Data section section start
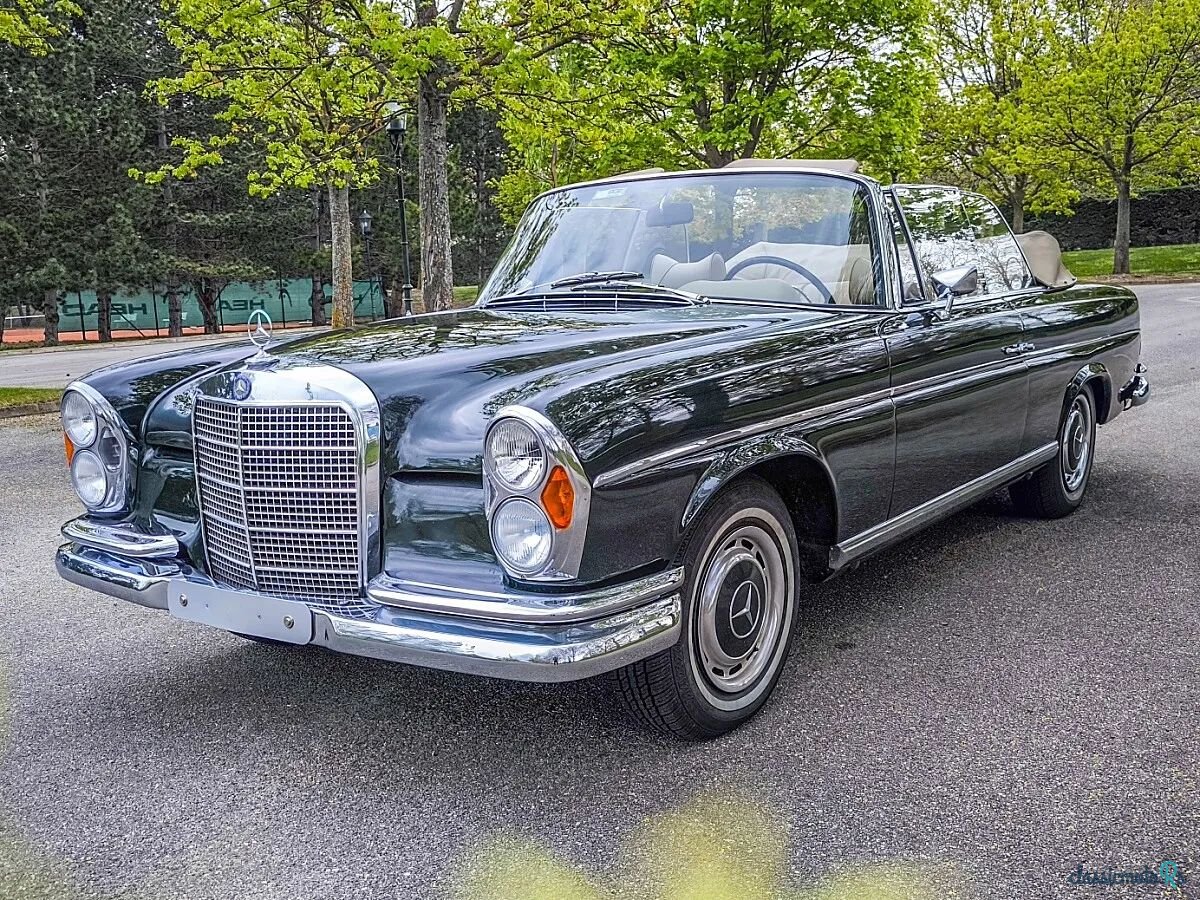1970' Mercedes-Benz S-Klasse photo #1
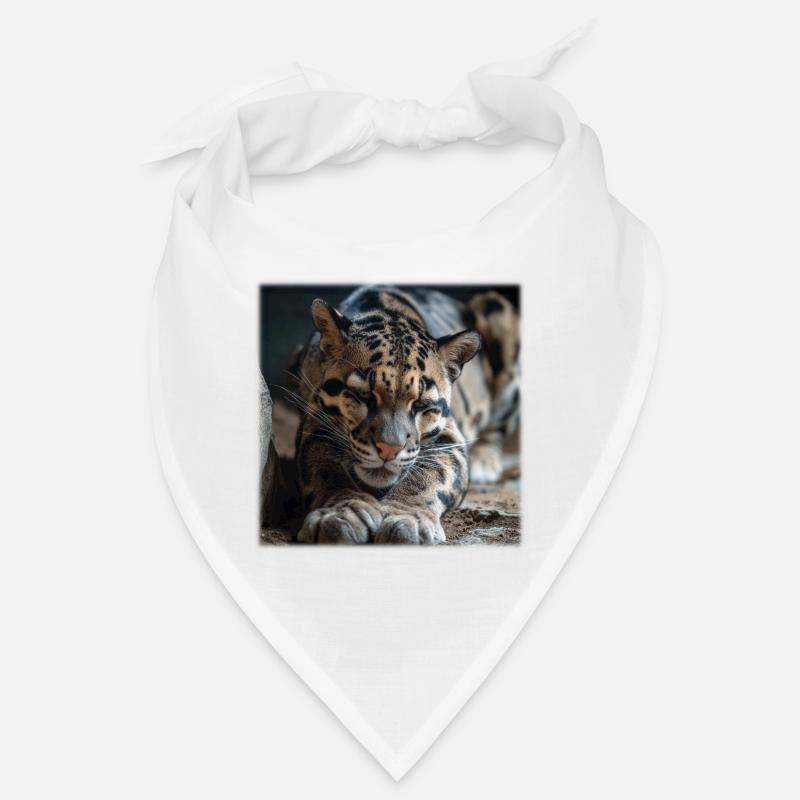 Pose de repos du léopard nuageux Chat sauvage expressif Bandana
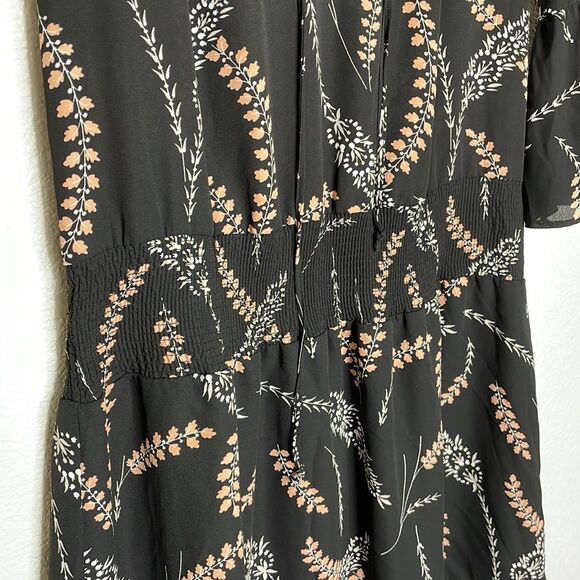 Chelsea28 Black Foral Drop Waist Bel Sleeve Dress Size M - Picture 5 of 9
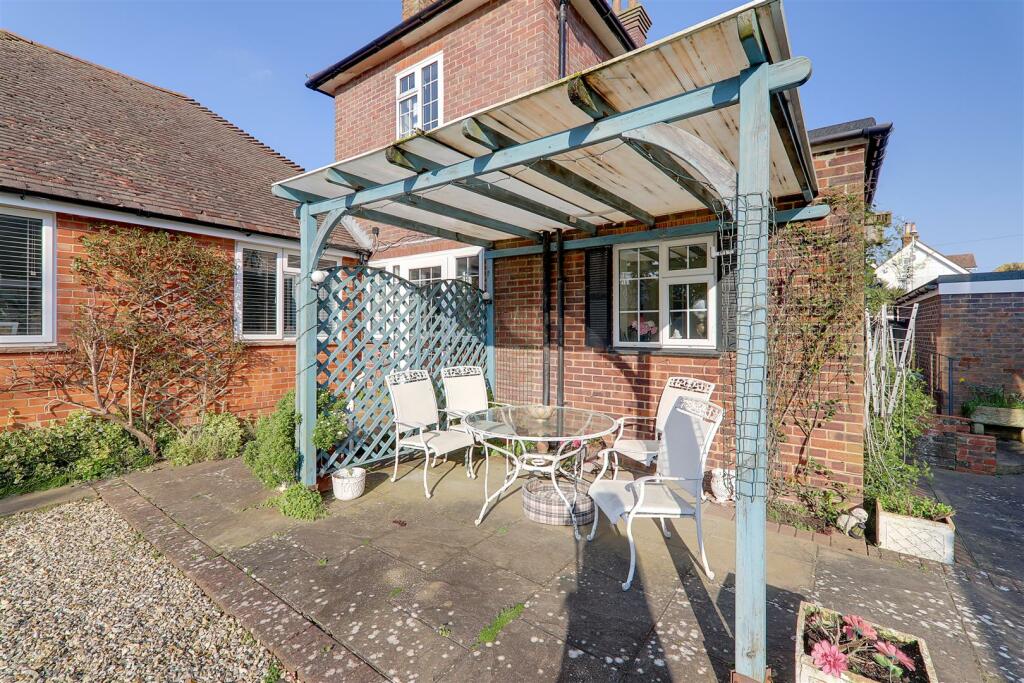 Additional property image - Wallace Avenue, Worthing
Data section section end
> Exercise instructions
Copy all of the material word for word, and include none of its pictures.

> Solution for this problem
1970' Mercedes-Benz S-Klasse photo #1
 Pose de repos du léopard nuageux Chat sauvage expressif Bandana
 Chelsea28 Black Foral Drop Waist Bel Sleeve Dress Size M - Picture 5 of 9
 Additional property image - Wallace Avenue, Worthing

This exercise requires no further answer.